Scientifically viewed, the heart is a chemically powered, electrically controlled, mechanical pump, but the way in which it performs is nothing short of amazing.

Heart structure and function are tightly interrelated in ways that we are still discovering. Cardiac muscle hosts a multitude of complex regulatory mechanisms that allow the heart to perform even after transplantation into another body and multiple feedback mechanisms provide the heart with an astonishing ability to adapt to the body’s constantly changing demand in blood circulation. This happens during every heartbeat and roughly a million times during every ten-day period of our life.

Perhaps more than any other organ, the heart has fascinated thinkers and scientists through the millennia. Indeed, the Greek philosopher Aristotle, who studied the organ forming in chick embryos, concluded that it was the seat of intelligence, motion, and sensation. Of course we now know that consciousness arises in the brain; nevertheless the allure of the heart remains strong in the public’s imagination, while research continues apace.

For Professor Peter Kohl (National Heart & Lung Institute) – head of the Cardiac Biophysics and Systems Biology group at Imperial – part of the mystique lies in the fact that the heart is self-regulating and propagates its own electrical activity.

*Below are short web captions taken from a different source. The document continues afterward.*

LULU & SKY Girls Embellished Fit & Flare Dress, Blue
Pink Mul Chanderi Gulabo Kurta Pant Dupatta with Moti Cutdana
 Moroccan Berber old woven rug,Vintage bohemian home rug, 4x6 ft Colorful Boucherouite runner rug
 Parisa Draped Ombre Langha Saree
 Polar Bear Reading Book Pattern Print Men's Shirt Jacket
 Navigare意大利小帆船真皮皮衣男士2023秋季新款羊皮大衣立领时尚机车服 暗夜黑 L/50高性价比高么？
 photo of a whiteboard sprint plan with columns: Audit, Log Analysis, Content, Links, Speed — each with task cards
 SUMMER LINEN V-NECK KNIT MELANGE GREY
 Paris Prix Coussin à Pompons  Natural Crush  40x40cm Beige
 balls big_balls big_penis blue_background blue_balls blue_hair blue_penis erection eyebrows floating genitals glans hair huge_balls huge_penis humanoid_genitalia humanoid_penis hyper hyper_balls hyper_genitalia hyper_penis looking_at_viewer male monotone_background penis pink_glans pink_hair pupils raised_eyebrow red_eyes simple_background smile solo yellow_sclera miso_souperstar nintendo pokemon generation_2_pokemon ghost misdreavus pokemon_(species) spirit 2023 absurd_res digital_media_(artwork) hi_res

 “It’s an absolutely magical organ; the fact that the heart can continue to beat once taken out of the body, for example during transplantation, is quite amazing really,” he says. “Of course, we can explain this, but I think it’s fair to be thoroughly impressed by the functionality of an organ that has the ability to beat, once every second or so, for 60, 70, 80 years. If it stops, life ends. It cannot afford to have the same number of breakdowns as a car has.”

Peter’s group is a multidisciplinary one with a diverse array of research projects incorporating aspects of clinical medicine, systems biology, physics and engineering.

Peter Kohl holds the Chair in Cardiac Biophysics and Systems Biology at Imperial’s National Heart and Lung Institute. He also is a visiting professor at the Department for Computer Science at the University of Oxford.

Peter studied Medicine and Biophysics at the Moscow Pirogov Institute and after post-graduate training and research at the Berlin Charité he joined the Cardiac Electrophysiology Chair of Professor Denis Noble at the University of Oxford. In 1998, Peter set up the Oxford Cardiac Mechano-Electric Feedback lab, initially as a Royal Society Research Fellow and subsequently as a Senior Fellow of the British Heart Foundation.


This event is being promoted as part of Biology Week beginning 13 October 2014. Biology Week takes place each October, organised by the Society of Biology. Events around the country give everyone the chance to learn about biology and we are delighted to be part of this celebration of all aspects of the biosciences.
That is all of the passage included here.